My father sexually abused me for 16 years of my life from an early age. He is now 90 and has dementia/Alzheimer's. He hasn't acted inappropriately toward me for 40 years. However, on a recent visit (he and my mom still live on their own), he touched me inappropriately, made lewd remarks to me and exposed himself to me. Each of these incidents took place while my mom wasn't in the room (just like it was when I was a child). While I thought I could handle it, emotionally I was taken back to a place I never wanted to revisit. I am unable to fine any research on the subject of sexual offenders and dementia. I called his neurologist and asked for a return call - nearly 2 weeks later I still haven't heard from him. I spoke with his Primary Care Dr. who said the medication he is taking for Parkinson's may increase his dopamine levels which in turn increase his libido. While I know that sexual aggression is common in people with dementia, I am extremely concerned about his behavior due to my history. I repeatedly told him his behavior was highly inappropriate and walked away, but I wanted to run as far away as I could get. I've warned my mother of the behavior and asked her to stay close to him when they are in public keeping her eyes and ears open - she may need to diffuse a situation. Worse - what if he actually touches someone or says something vulgar and they file criminal charges??? I am unnerved by these incidents. I need to assess their living situation on a quarterly basis (they are on the East Coast and I am in the Southwest). I do not think I can put myself in that vulnerable position again ....how do I handle this??
As for protecting other people and keeping him out of legal trouble, I don't think that is your responsibility. You have shared your concerns with your mother. I think it is up to her to deal with it.
Good luck to you!
The moment I saw this, I thought "YUCK." But, it sure isn't your fault and what an awful way for him to treat you. I don't blame you for wanting to see your therapist, that's exactly what I'd be doing.

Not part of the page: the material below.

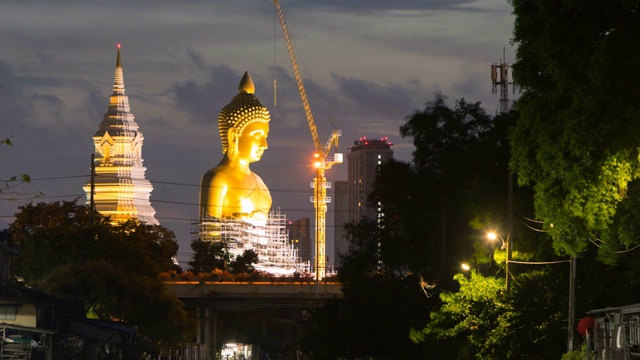 日落时分，泰国曼谷，正在修建的Wat Paknam Bhasicharoen寺的大金佛;缩小运动视频素材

I agree with the people who said, "take care of yourself."
I would like to know what meds you folks are talking about so I might be able to address the issue with his PCP. He does not take any meds for the dementia. He does, however, have COPD, glucoma, and heartburn all the time which he "treats" with Pepcid or Prevacid, tums and the like. For his COPD he uses Spiriva, Advair, nebulizer and his rescue inhaler. For his glucoma he is using Xalatan. Would any of these meds have anything to do with this or maybe a combination of these?
I have friends who have been sexually abused as children and it isn't a nice thing to hear but some have been able to put it behind them and others it is still very much up front. I feel so sorry for all and I wish I could do something. I try and be a good listener and show a lot of love and support. God Bless.